## WORK REQUIRED:
From top to bottom, restate the entries below word for word.

## DATASET EXTRACT:
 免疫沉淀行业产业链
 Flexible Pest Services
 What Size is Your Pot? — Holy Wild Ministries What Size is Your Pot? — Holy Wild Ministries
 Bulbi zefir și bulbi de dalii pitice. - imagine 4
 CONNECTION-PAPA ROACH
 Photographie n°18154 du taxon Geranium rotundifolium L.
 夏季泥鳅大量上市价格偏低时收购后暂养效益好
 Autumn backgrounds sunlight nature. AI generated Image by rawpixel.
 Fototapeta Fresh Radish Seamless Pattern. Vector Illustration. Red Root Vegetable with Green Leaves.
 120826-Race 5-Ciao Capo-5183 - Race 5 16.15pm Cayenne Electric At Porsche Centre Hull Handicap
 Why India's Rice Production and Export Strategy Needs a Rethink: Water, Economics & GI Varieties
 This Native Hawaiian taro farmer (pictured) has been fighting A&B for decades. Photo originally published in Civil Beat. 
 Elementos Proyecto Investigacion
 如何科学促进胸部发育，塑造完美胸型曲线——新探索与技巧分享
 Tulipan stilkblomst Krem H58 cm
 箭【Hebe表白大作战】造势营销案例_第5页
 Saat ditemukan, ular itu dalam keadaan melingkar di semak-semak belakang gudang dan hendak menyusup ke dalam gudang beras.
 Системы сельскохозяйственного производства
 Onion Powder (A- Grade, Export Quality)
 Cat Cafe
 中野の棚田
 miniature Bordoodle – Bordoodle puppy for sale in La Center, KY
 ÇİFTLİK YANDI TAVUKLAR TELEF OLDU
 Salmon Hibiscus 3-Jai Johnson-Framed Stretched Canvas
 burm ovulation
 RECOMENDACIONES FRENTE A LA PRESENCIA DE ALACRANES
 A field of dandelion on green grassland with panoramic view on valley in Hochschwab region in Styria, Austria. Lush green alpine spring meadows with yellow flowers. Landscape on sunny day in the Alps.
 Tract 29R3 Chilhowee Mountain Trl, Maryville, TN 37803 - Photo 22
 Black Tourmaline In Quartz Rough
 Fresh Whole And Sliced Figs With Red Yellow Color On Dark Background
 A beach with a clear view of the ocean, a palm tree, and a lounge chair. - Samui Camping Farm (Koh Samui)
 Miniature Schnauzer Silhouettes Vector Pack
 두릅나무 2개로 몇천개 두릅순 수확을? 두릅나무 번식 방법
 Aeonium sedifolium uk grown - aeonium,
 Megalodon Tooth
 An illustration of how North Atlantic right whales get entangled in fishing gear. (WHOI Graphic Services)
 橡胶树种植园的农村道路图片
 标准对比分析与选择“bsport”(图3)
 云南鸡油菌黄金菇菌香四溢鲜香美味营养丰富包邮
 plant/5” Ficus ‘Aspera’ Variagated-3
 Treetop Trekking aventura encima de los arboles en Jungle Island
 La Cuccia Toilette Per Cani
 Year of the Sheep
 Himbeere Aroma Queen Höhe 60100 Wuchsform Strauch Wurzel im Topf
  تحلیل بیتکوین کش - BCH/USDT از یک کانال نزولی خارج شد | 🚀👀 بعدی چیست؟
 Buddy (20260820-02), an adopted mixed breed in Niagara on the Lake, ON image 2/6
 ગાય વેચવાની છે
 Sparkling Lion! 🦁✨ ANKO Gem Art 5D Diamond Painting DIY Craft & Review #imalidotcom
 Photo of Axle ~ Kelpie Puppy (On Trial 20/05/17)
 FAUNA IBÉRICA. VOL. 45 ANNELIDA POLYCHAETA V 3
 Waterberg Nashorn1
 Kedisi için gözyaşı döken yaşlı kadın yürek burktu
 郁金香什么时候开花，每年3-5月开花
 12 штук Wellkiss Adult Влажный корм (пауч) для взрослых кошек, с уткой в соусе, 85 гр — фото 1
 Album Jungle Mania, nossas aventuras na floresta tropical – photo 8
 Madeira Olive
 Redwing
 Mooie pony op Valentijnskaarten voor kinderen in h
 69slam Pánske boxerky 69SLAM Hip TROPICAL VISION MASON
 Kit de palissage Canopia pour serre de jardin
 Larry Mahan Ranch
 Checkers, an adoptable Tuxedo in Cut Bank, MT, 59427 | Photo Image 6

## EXERCISE RESPONSE:
 免疫沉淀行业产业链
 Flexible Pest Services
 What Size is Your Pot? — Holy Wild Ministries What Size is Your Pot? — Holy Wild Ministries
 Bulbi zefir și bulbi de dalii pitice. - imagine 4
 CONNECTION-PAPA ROACH
 Photographie n°18154 du taxon Geranium rotundifolium L.
 夏季泥鳅大量上市价格偏低时收购后暂养效益好
 Autumn backgrounds sunlight nature. AI generated Image by rawpixel.
 Fototapeta Fresh Radish Seamless Pattern. Vector Illustration. Red Root Vegetable with Green Leaves.
 120826-Race 5-Ciao Capo-5183 - Race 5 16.15pm Cayenne Electric At Porsche Centre Hull Handicap
 Why India's Rice Production and Export Strategy Needs a Rethink: Water, Economics & GI Varieties
 This Native Hawaiian taro farmer (pictured) has been fighting A&B for decades. Photo originally published in Civil Beat. 
 Elementos Proyecto Investigacion
 如何科学促进胸部发育，塑造完美胸型曲线——新探索与技巧分享
 Tulipan stilkblomst Krem H58 cm
 箭【Hebe表白大作战】造势营销案例_第5页
 Saat ditemukan, ular itu dalam keadaan melingkar di semak-semak belakang gudang dan hendak menyusup ke dalam gudang beras.
 Системы сельскохозяйственного производства
 Onion Powder (A- Grade, Export Quality)
 Cat Cafe
 中野の棚田
 miniature Bordoodle – Bordoodle puppy for sale in La Center, KY
 ÇİFTLİK YANDI TAVUKLAR TELEF OLDU
 Salmon Hibiscus 3-Jai Johnson-Framed Stretched Canvas
 burm ovulation
 RECOMENDACIONES FRENTE A LA PRESENCIA DE ALACRANES
 A field of dandelion on green grassland with panoramic view on valley in Hochschwab region in Styria, Austria. Lush green alpine spring meadows with yellow flowers. Landscape on sunny day in the Alps.
 Tract 29R3 Chilhowee Mountain Trl, Maryville, TN 37803 - Photo 22
 Black Tourmaline In Quartz Rough
 Fresh Whole And Sliced Figs With Red Yellow Color On Dark Background
 A beach with a clear view of the ocean, a palm tree, and a lounge chair. - Samui Camping Farm (Koh Samui)
 Miniature Schnauzer Silhouettes Vector Pack
 두릅나무 2개로 몇천개 두릅순 수확을? 두릅나무 번식 방법
 Aeonium sedifolium uk grown - aeonium,
 Megalodon Tooth
 An illustration of how North Atlantic right whales get entangled in fishing gear. (WHOI Graphic Services)
 橡胶树种植园的农村道路图片
 标准对比分析与选择“bsport”(图3)
 云南鸡油菌黄金菇菌香四溢鲜香美味营养丰富包邮
 plant/5” Ficus ‘Aspera’ Variagated-3
 Treetop Trekking aventura encima de los arboles en Jungle Island
 La Cuccia Toilette Per Cani
 Year of the Sheep
 Himbeere Aroma Queen Höhe 60100 Wuchsform Strauch Wurzel im Topf
  تحلیل بیتکوین کش - BCH/USDT از یک کانال نزولی خارج شد | 🚀👀 بعدی چیست؟
 Buddy (20260820-02), an adopted mixed breed in Niagara on the Lake, ON image 2/6
 ગાય વેચવાની છે
 Sparkling Lion! 🦁✨ ANKO Gem Art 5D Diamond Painting DIY Craft & Review #imalidotcom
 Photo of Axle ~ Kelpie Puppy (On Trial 20/05/17)
 FAUNA IBÉRICA. VOL. 45 ANNELIDA POLYCHAETA V 3
 Waterberg Nashorn1
 Kedisi için gözyaşı döken yaşlı kadın yürek burktu
 郁金香什么时候开花，每年3-5月开花
 12 штук Wellkiss Adult Влажный корм (пауч) для взрослых кошек, с уткой в соусе, 85 гр — фото 1
 Album Jungle Mania, nossas aventuras na floresta tropical – photo 8
 Madeira Olive
 Redwing
 Mooie pony op Valentijnskaarten voor kinderen in h
 69slam Pánske boxerky 69SLAM Hip TROPICAL VISION MASON
 Kit de palissage Canopia pour serre de jardin
 Larry Mahan Ranch
 Checkers, an adoptable Tuxedo in Cut Bank, MT, 59427 | Photo Image 6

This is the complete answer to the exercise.